Web page caption snippets
--
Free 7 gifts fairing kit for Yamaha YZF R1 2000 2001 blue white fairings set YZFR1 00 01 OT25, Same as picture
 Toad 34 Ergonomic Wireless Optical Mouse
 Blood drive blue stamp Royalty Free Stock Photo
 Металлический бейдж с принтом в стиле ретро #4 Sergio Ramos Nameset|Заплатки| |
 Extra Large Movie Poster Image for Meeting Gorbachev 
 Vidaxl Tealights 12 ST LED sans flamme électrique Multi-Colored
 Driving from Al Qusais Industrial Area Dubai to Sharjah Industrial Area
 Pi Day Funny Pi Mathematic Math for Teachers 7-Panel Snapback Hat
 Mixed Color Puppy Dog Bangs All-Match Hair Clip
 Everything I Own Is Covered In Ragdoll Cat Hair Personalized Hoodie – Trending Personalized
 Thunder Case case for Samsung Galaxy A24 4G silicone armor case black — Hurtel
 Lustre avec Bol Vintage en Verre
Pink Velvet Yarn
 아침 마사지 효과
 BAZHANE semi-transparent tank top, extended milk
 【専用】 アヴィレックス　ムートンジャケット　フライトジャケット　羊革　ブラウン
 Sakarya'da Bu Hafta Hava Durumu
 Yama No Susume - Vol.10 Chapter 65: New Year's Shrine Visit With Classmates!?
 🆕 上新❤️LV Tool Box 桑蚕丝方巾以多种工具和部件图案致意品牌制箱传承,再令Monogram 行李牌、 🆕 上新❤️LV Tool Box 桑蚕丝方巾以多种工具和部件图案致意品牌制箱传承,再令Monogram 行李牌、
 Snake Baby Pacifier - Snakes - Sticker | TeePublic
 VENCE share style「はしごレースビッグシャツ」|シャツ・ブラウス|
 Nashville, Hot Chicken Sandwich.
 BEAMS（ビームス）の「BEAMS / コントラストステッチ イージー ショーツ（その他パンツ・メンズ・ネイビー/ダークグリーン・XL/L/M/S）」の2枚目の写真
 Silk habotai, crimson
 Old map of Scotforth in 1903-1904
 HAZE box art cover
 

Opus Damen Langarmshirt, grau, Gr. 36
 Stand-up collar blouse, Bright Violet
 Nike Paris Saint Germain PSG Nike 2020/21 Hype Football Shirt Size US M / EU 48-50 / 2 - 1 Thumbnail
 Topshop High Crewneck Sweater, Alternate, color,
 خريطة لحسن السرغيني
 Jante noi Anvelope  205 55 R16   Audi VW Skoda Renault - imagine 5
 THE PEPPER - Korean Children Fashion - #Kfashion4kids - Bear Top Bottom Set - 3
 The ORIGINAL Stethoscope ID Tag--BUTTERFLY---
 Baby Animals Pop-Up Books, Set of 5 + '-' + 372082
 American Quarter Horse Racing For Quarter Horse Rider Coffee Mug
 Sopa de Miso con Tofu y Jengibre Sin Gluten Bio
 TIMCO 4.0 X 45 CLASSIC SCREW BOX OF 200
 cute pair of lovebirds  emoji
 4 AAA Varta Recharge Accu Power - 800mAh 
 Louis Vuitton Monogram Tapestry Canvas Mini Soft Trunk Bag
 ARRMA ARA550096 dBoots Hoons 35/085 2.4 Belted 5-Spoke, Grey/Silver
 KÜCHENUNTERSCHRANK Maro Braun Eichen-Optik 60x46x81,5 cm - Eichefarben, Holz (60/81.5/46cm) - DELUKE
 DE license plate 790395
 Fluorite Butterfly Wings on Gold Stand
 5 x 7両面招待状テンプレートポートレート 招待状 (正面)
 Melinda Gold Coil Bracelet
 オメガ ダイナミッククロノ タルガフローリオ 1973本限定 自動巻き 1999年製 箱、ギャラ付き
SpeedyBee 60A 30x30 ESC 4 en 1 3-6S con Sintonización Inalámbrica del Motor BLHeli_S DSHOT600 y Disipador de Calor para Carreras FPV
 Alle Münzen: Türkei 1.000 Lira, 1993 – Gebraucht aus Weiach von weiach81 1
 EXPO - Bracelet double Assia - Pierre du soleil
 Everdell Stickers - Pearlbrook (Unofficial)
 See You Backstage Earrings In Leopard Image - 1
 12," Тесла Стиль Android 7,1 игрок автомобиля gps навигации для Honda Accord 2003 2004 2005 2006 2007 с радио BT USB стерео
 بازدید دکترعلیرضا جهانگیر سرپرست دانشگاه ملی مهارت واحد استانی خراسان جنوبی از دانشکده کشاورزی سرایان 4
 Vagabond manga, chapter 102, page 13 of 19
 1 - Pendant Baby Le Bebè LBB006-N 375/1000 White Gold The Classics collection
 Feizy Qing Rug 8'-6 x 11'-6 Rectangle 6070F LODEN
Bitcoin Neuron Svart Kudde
--
__Problem details__
Each line from the beginning of the entries to the line with "Louis Vuitton Monogram" must be repeated exactly, with both end lines kept and no other lines given.

__Solution below__
Free 7 gifts fairing kit for Yamaha YZF R1 2000 2001 blue white fairings set YZFR1 00 01 OT25, Same as picture
 Toad 34 Ergonomic Wireless Optical Mouse
 Blood drive blue stamp Royalty Free Stock Photo
 Металлический бейдж с принтом в стиле ретро #4 Sergio Ramos Nameset|Заплатки| |
 Extra Large Movie Poster Image for Meeting Gorbachev 
 Vidaxl Tealights 12 ST LED sans flamme électrique Multi-Colored
 Driving from Al Qusais Industrial Area Dubai to Sharjah Industrial Area
 Pi Day Funny Pi Mathematic Math for Teachers 7-Panel Snapback Hat
 Mixed Color Puppy Dog Bangs All-Match Hair Clip
 Everything I Own Is Covered In Ragdoll Cat Hair Personalized Hoodie – Trending Personalized
 Thunder Case case for Samsung Galaxy A24 4G silicone armor case black — Hurtel
 Lustre avec Bol Vintage en Verre
Pink Velvet Yarn
 아침 마사지 효과
 BAZHANE semi-transparent tank top, extended milk
 【専用】 アヴィレックス　ムートンジャケット　フライトジャケット　羊革　ブラウン
 Sakarya'da Bu Hafta Hava Durumu
 Yama No Susume - Vol.10 Chapter 65: New Year's Shrine Visit With Classmates!?
 🆕 上新❤️LV Tool Box 桑蚕丝方巾以多种工具和部件图案致意品牌制箱传承,再令Monogram 行李牌、 🆕 上新❤️LV Tool Box 桑蚕丝方巾以多种工具和部件图案致意品牌制箱传承,再令Monogram 行李牌、
 Snake Baby Pacifier - Snakes - Sticker | TeePublic
 VENCE share style「はしごレースビッグシャツ」|シャツ・ブラウス|
 Nashville, Hot Chicken Sandwich.
 BEAMS（ビームス）の「BEAMS / コントラストステッチ イージー ショーツ（その他パンツ・メンズ・ネイビー/ダークグリーン・XL/L/M/S）」の2枚目の写真
 Silk habotai, crimson
 Old map of Scotforth in 1903-1904
 HAZE box art cover
 

Opus Damen Langarmshirt, grau, Gr. 36
 Stand-up collar blouse, Bright Violet
 Nike Paris Saint Germain PSG Nike 2020/21 Hype Football Shirt Size US M / EU 48-50 / 2 - 1 Thumbnail
 Topshop High Crewneck Sweater, Alternate, color,
 خريطة لحسن السرغيني
 Jante noi Anvelope  205 55 R16   Audi VW Skoda Renault - imagine 5
 THE PEPPER - Korean Children Fashion - #Kfashion4kids - Bear Top Bottom Set - 3
 The ORIGINAL Stethoscope ID Tag--BUTTERFLY---
 Baby Animals Pop-Up Books, Set of 5 + '-' + 372082
 American Quarter Horse Racing For Quarter Horse Rider Coffee Mug
 Sopa de Miso con Tofu y Jengibre Sin Gluten Bio
 TIMCO 4.0 X 45 CLASSIC SCREW BOX OF 200
 cute pair of lovebirds  emoji
 4 AAA Varta Recharge Accu Power - 800mAh 
 Louis Vuitton Monogram Tapestry Canvas Mini Soft Trunk Bag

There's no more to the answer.